## EXERCISE
Write out the data once more, exactly as it reads.

## INPUT DATA
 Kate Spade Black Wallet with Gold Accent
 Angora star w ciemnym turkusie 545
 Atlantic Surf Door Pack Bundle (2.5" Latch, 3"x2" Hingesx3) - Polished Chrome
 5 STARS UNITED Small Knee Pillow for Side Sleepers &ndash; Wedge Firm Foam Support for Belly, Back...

## EXERCISE RESPONSE
 Kate Spade Black Wallet with Gold Accent
 Angora star w ciemnym turkusie 545
 Atlantic Surf Door Pack Bundle (2.5" Latch, 3"x2" Hingesx3) - Polished Chrome
 5 STARS UNITED Small Knee Pillow for Side Sleepers &ndash; Wedge Firm Foam Support for Belly, Back...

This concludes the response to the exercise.